On Sept. 23, the Advisory Committee on Immunization Practices (ACIP), part of the Centers for Disease Control and Prevention (CDC), issued formal recommendations for a third dose of the Pfizer product in people who have already received two Pfizer doses who are 65 or older, or who live in long-term care facilities, as well as people ages 18 and up who have underlying medical conditions that make severe disease more likely for them.
ACIP chose not to recommend a third dose for people who do not have underlying medical conditions themselves, but face greater potential exposure to viruses through their work. Late that night, CDC Director Rochelle Walensky overruled ACIP and issued a recommendation for the high-exposure, healthy group as well.
Paucity of data
Both meetings (VBRPAC and ACIP) were fraught with frustration as committee members grappled with poor or missing data about vaccine efficacy against variants, antibody levels in double-dosed and triple-dosed individuals, and immunological factors correlated with protection against disease.
VRBPAC members struggled to reconcile data presented by Dr. Sharon Alroy Preis and Dr. Ron Milo from Israel – which appeared to show that individuals who have had two Pfizer shots are at nearly the same risk of hospitalization as unvaccinated individuals – and CDC data that seem to show Americans with two Pfizer shots have a greatly reduced risk of hospitalization compared with their unvaccinated counterparts.
Data from Israel suggest that people who have had two Pfizer shots may be as likely to contract the novel coronavirus, and nearly as likely to be hospitalized, as unvaccinated people. Roughly 80 percent of Israelis have received two shots, mostly of the Pfizer product; 60 percent of hospitalized coronavirus patients in Israel have received two shots. Recent death data from Public Health England paint a similar picture, as shown in the accompanying chart.
However, the CDC has consistently reported significantly lower odds of hospitalization among Americans who have received two shots of the Pfizer product, a data point highlighted in an editorial published Sept. 14 in The Lancet, co-authored by two high-ranking FDA staff who quit the agency – according to insiders – over what they viewed as an overly politicized vaccine approval process. “[V]accination appears to be substantially protective against severe disease from all the main viral variants,” Marion Gruber and her colleagues assert (https://www.thelancet.com/journals/lancet/article/PIIS0140-6736(21)02046-8/fulltext).

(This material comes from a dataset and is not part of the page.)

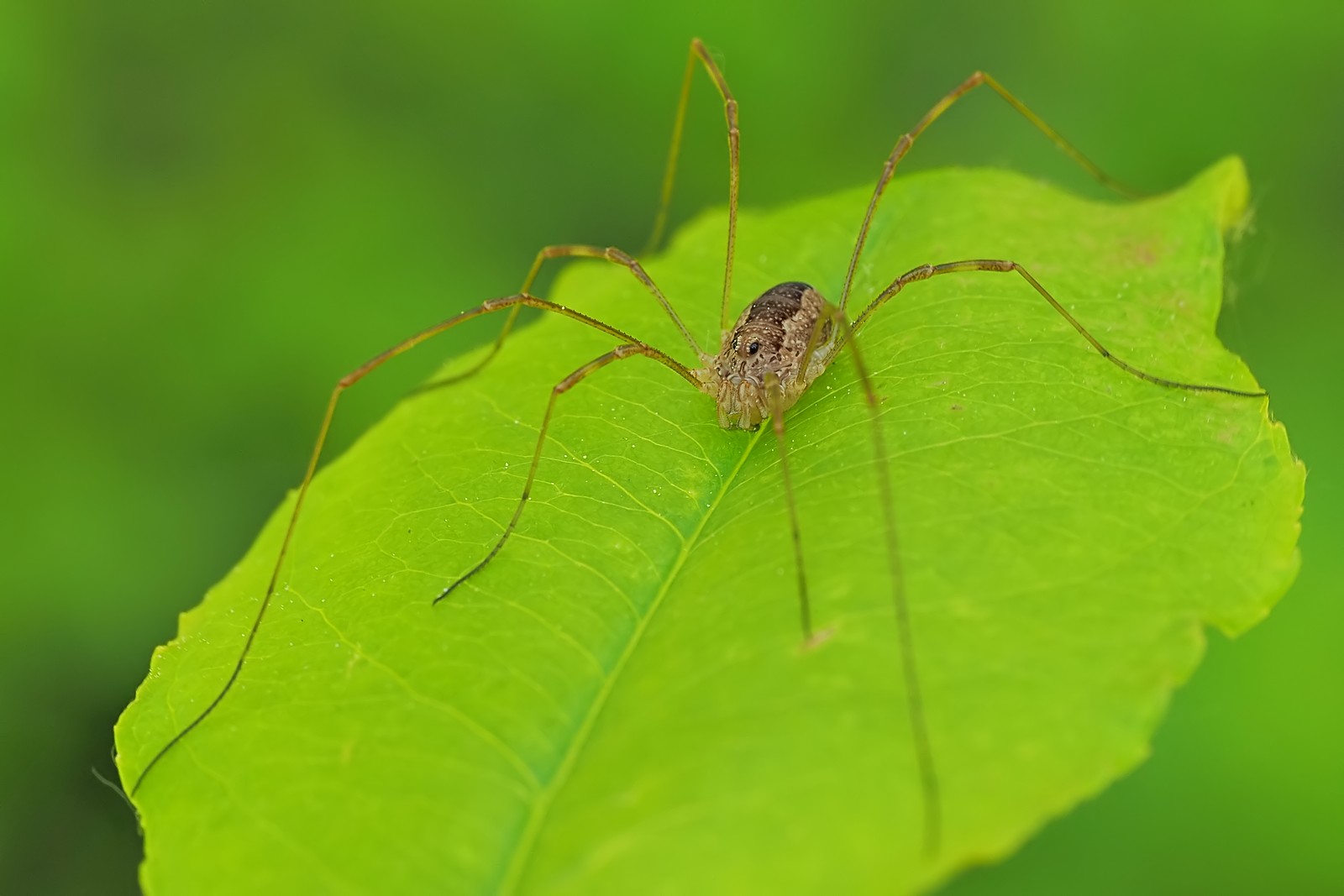 Nazwa:  kosarz165570mf.jpg
Wyświetleń: 55
Rozmiar:  142,4 KB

Reports on breakthrough infections of fully vaccinated Americans from the federal Centers for Disease Control and Prevention (CDC) use data from a pastiche of states and counties. Hospital staff in Pennsylvania have found that COVID-19 shot information is often unavailable or incorrect in the databases they consult, as reported in the Philadelphia Inquirer Sept. 12. Israel and England, on the other hand, have fully-fledged national vaccination registries.
Three factors may be at play in the appearance of breakthrough infections-waning immunity, viral variants, and antibody-dependent enhancement-and VRBPAC members felt uncomfortable placing a large bet on waning immunity, at least at present.

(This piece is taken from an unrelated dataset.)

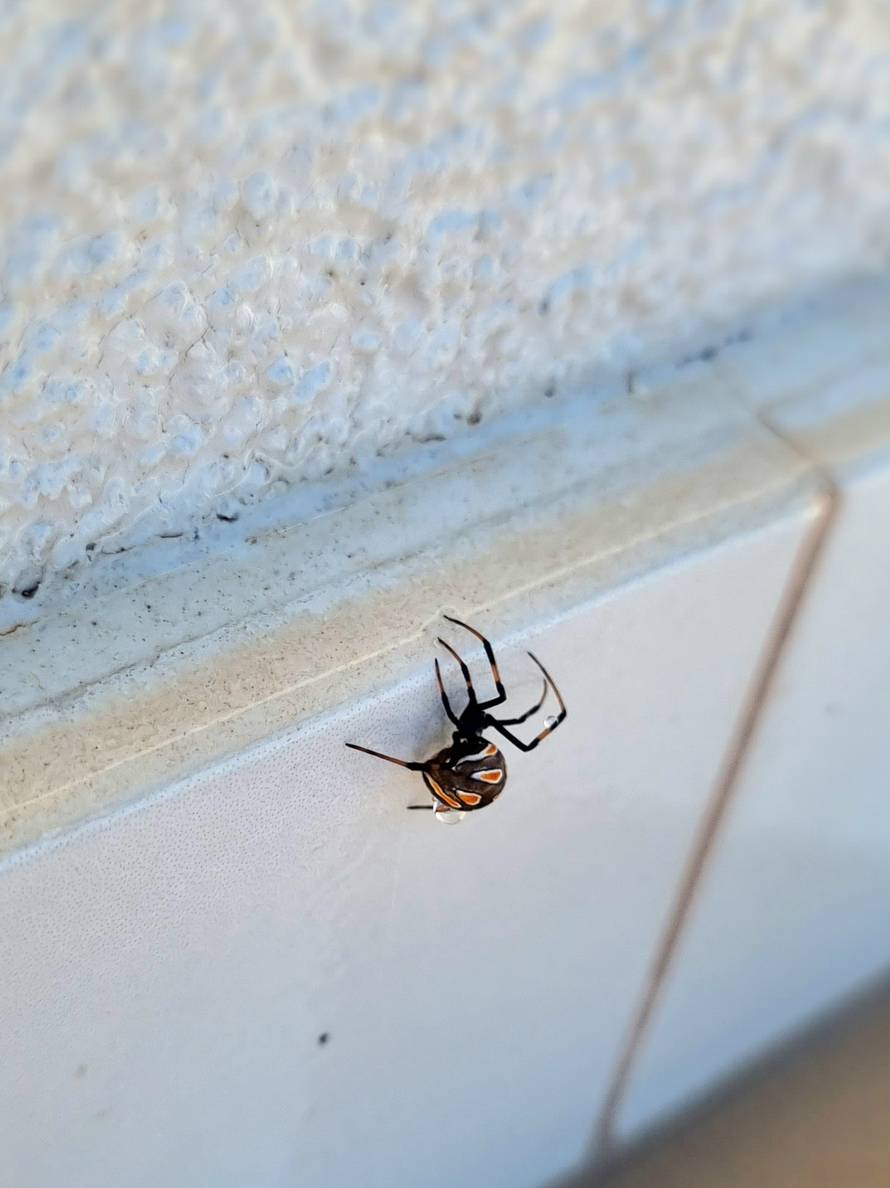 Čitateljica s Raba snimila je crne udovice: Po kućama su nam, a u županiji nemaju protuotrova!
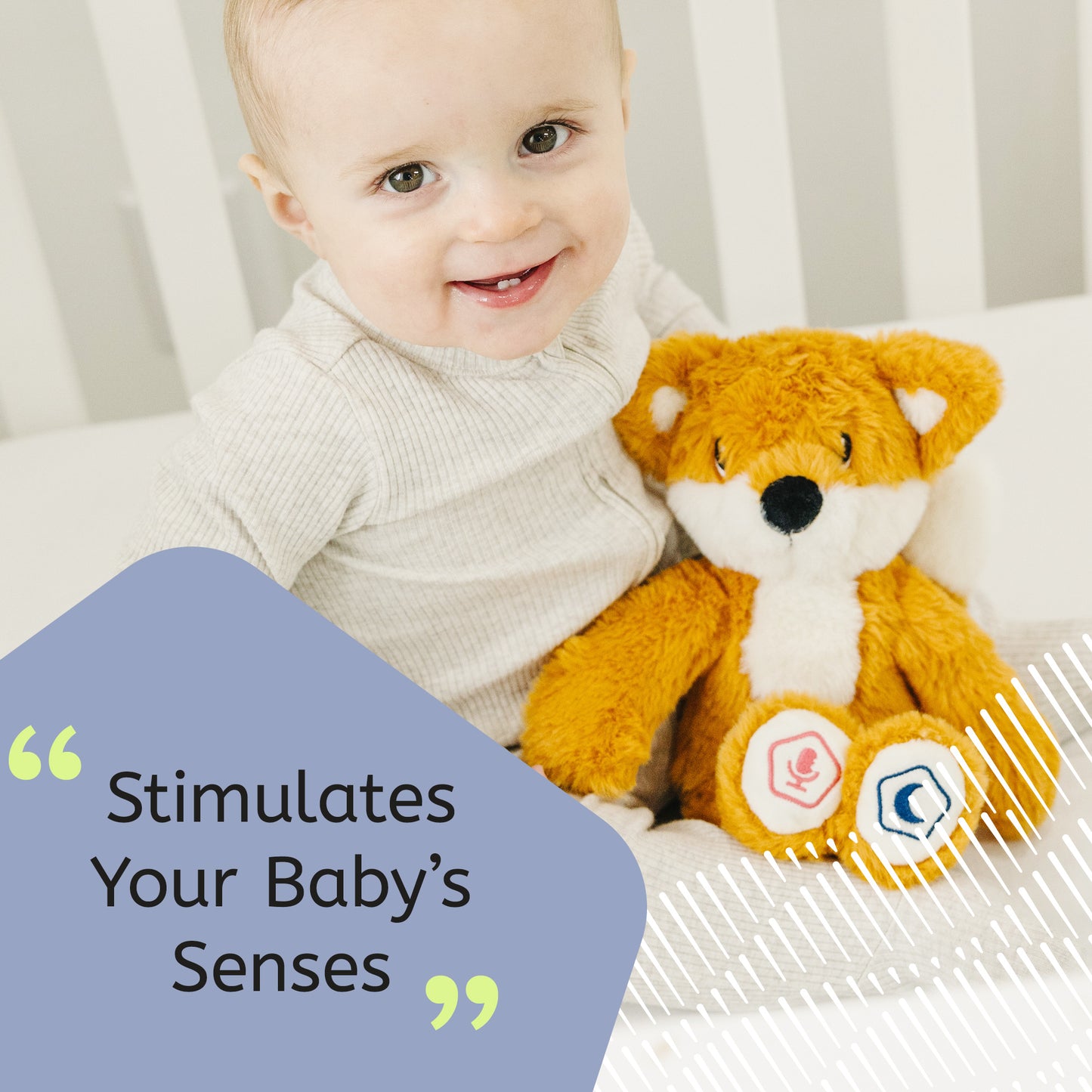 Baby Learn & Dream Bundle - Fox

As discussed in our previous coverage of COVID-19 shots and antibodies (https://www.lvpnews.com/20210518/did-your-coronavirus-shot-work/), virus-specific, circulating antibodies decrease over time. The duration of high antibody levels for the three COVID-19 vaccines distributed in the U.S. is not known.

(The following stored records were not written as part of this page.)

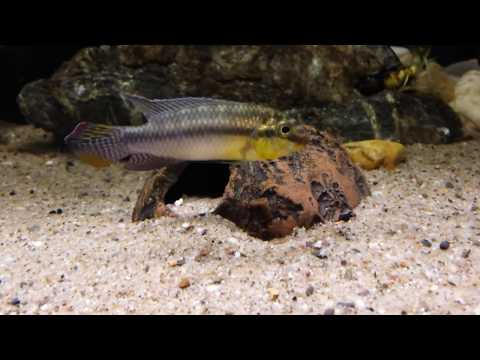 Pelvicachromis subocellatus 'Matadi'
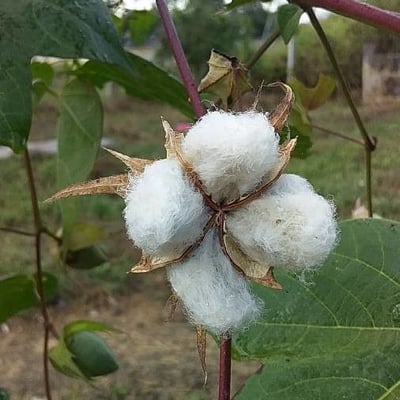 Gossypium arboreum — flower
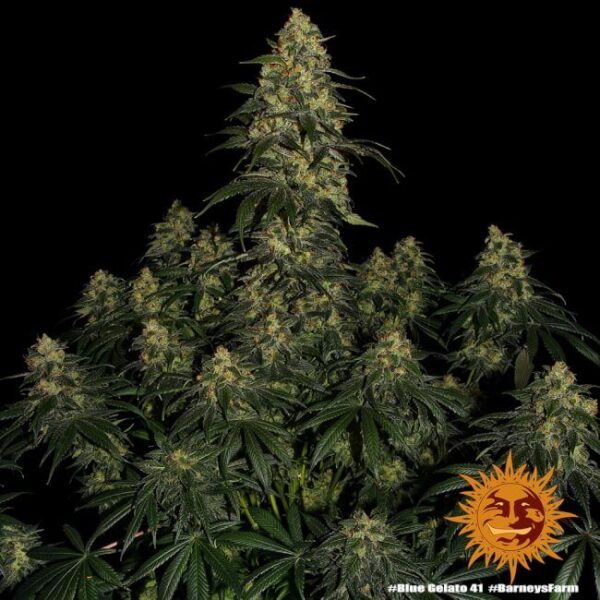 Blue Gelato 41 Feminized Seeds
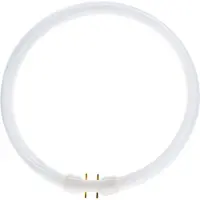 Philips MASTER TL - E 32W - 840 Kylmä Valkoinen | 30cm | Himmennettävä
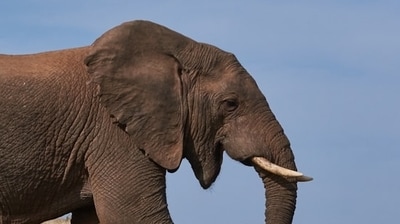A wild elephant attacked a labourer in Maharashtra while he was trying to get a selfie with the animal A wild elephant attacked a labourer in Maharashtra while he was trying to get a selfie with the animal
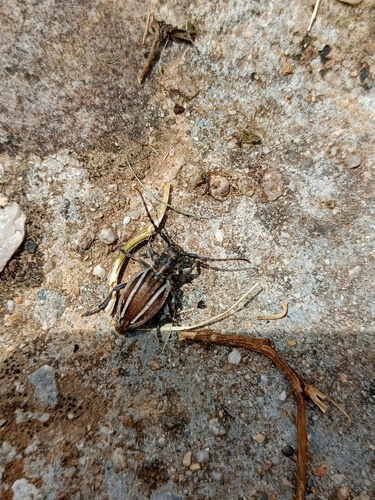 Neodorcadion bilineatum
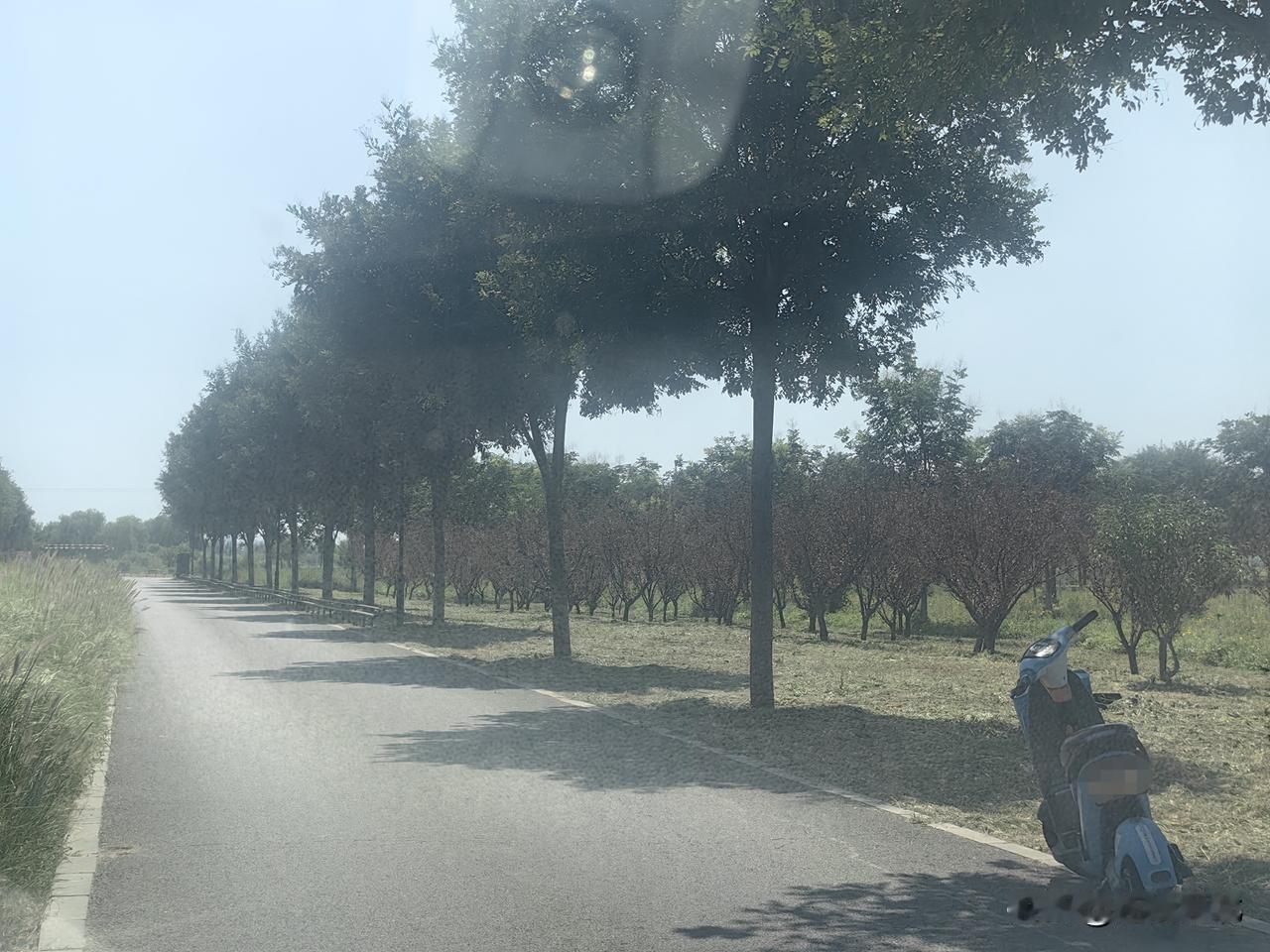 滞留于此是何原因】9月3日上午，在石家庄文正大街路旁，一辆共享电动车独自停放在路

Two vocal believers in the theory that waning immunity is driving coronavirus hospitalizations in vaccinated people are Dr. Anthony Fauci, director of the U.S. National Institute of Allergy and Infectious Diseases (NIAID), and current Israeli “coronavirus czar” Professor Salman Zarka. As reported Sept. 3 in the Jerusalem Post, Israel changed the definition of a “fully vaccinated” person from someone who has received two doses of the Pfizer mRNA product, to someone whose two Pfizer doses were within the past six months, or a person who has received a third mRNA shot more recently.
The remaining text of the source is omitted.